▶ [TASK STATEMENT]:
Begin with the line that holds "a new day Black Leather Tote Bag" and retype through the last line of the listing below, exactly; pictures are not part of the copy.

▶ [INFORMATION SUPPLIED]:
▬▬▬▬▬▬▬▬▬▬

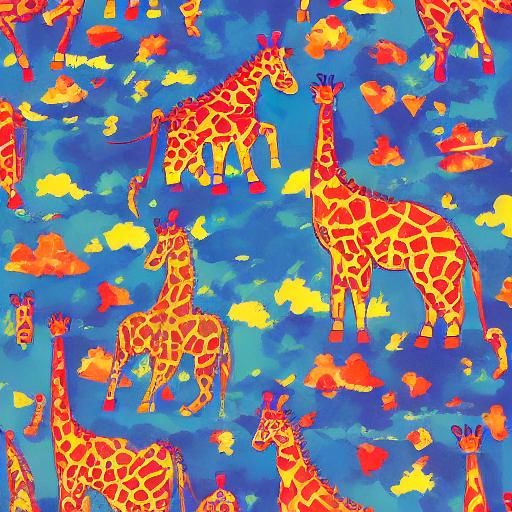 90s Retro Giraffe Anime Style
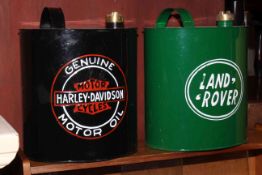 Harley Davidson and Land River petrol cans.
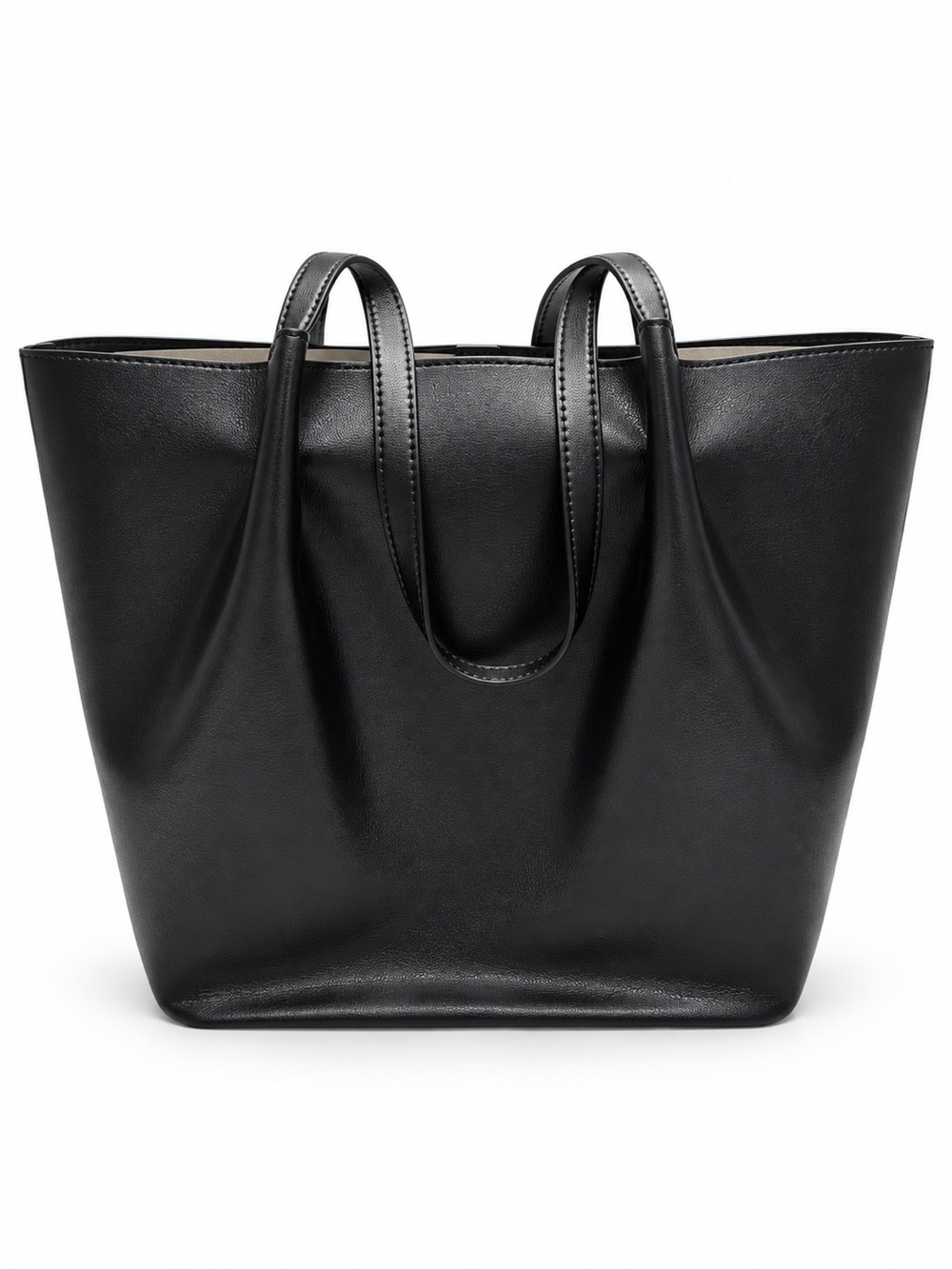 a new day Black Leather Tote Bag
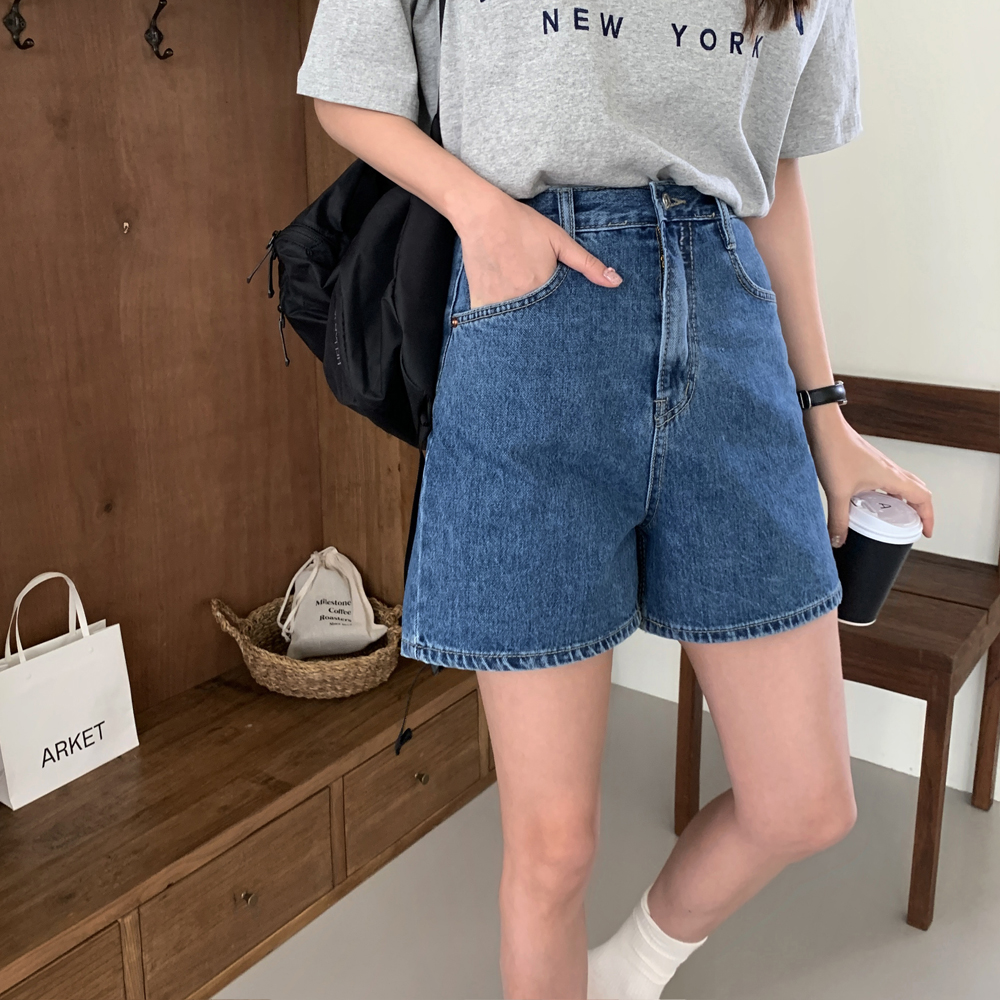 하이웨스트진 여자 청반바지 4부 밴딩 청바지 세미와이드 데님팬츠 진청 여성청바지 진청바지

▬▬▬▬▬▬▬▬▬▬

▶ [EXPECTED OUTPUT]:
 a new day Black Leather Tote Bag
 하이웨스트진 여자 청반바지 4부 밴딩 청바지 세미와이드 데님팬츠 진청 여성청바지 진청바지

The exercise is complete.